═══ INPUT DATA

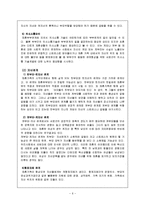 재혼가족복지(재혼가족, 재혼증가, 재혼가족문제, 재혼가족사례)-6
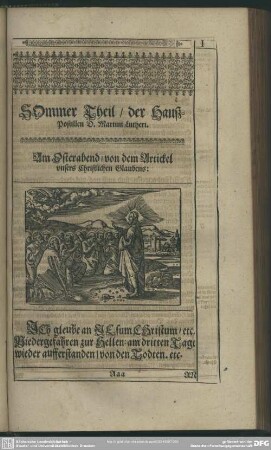 SOmmer Theil, der Hausz-Postillen D. Martini Lutheri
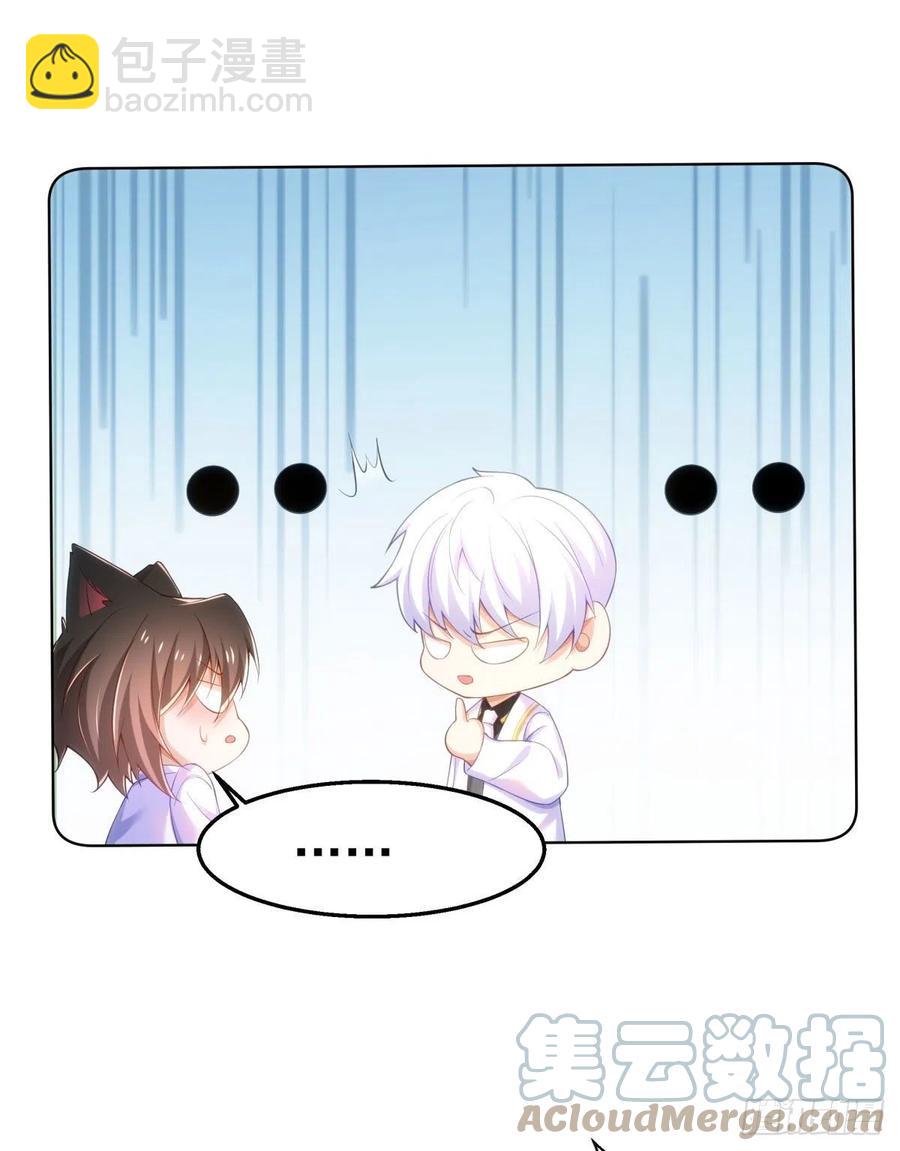 29-夜袭失败-第30话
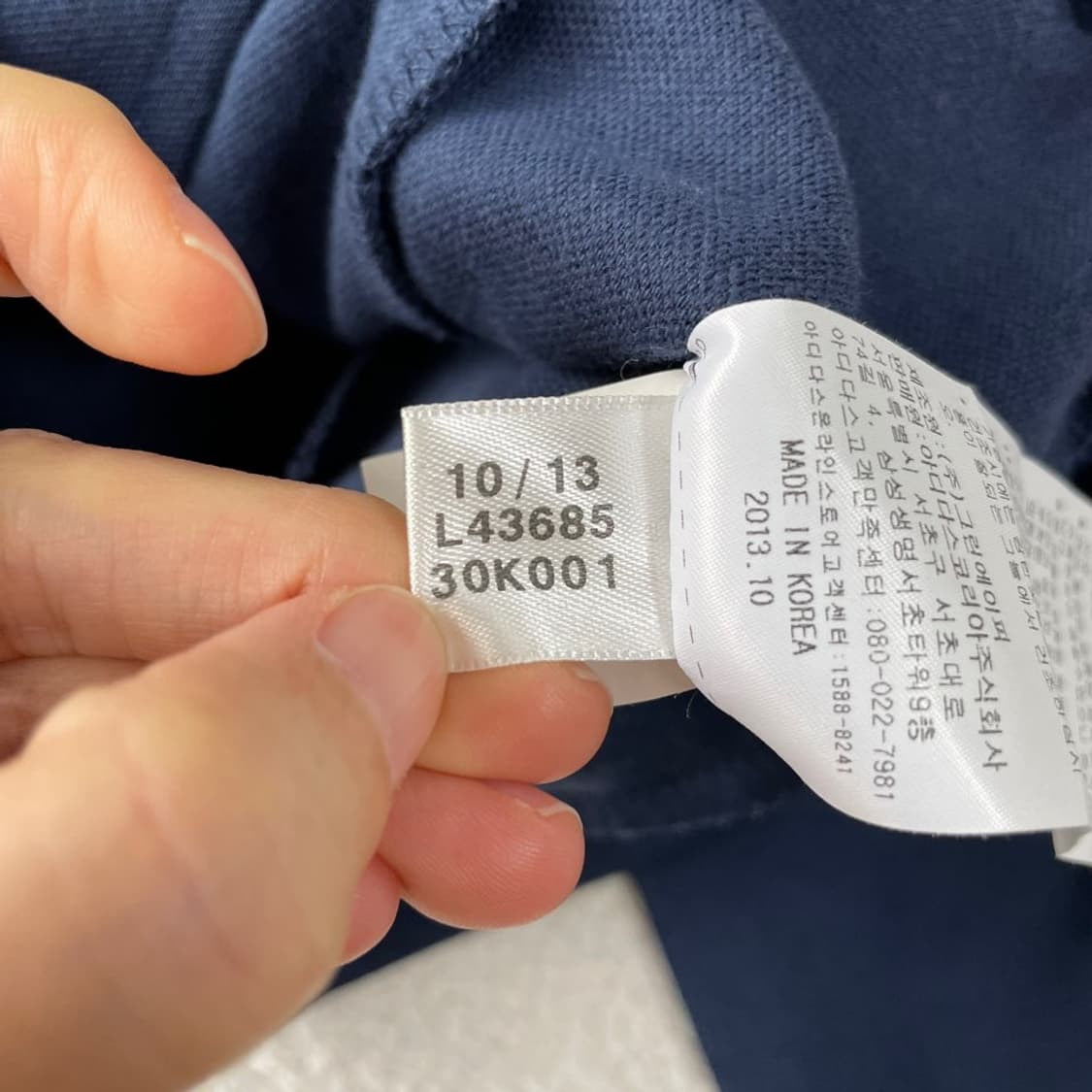 85 아디다스 유로파 네이비 트랙탑 져지 상품이미지7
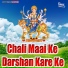 Ankit Tiwari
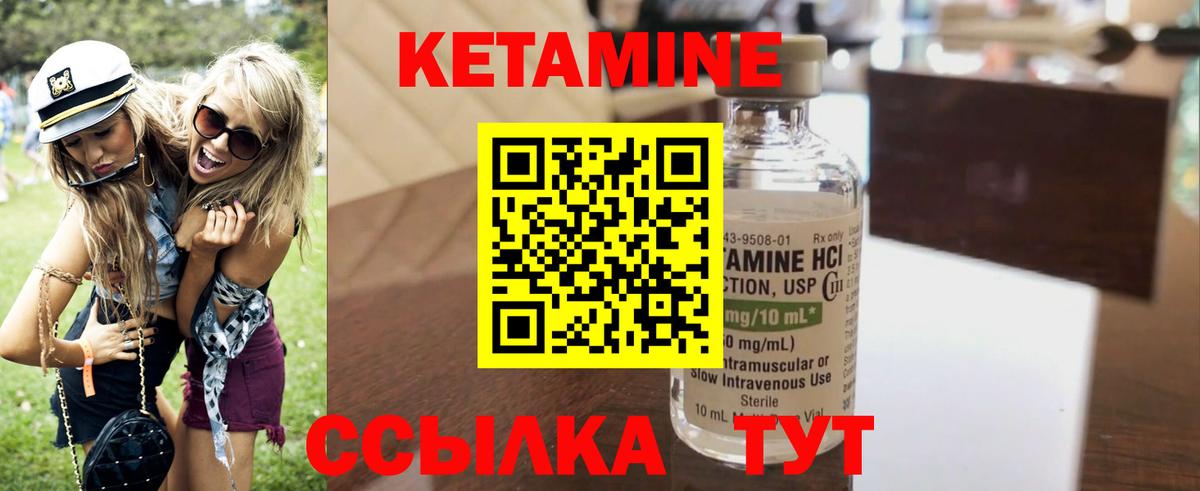 КЕТАМИН VHQ Медногорск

══════

**YOUR GOAL**
Copy the lines of the records, beginning where the line containing "85 아디다스 유로파 네이비 트랙탑 져지 상품이미지7" appears and continuing through the final line, exactly and with no pictures.

**EXERCISE OUTPUT**
 85 아디다스 유로파 네이비 트랙탑 져지 상품이미지7
 Ankit Tiwari
 КЕТАМИН VHQ Медногорск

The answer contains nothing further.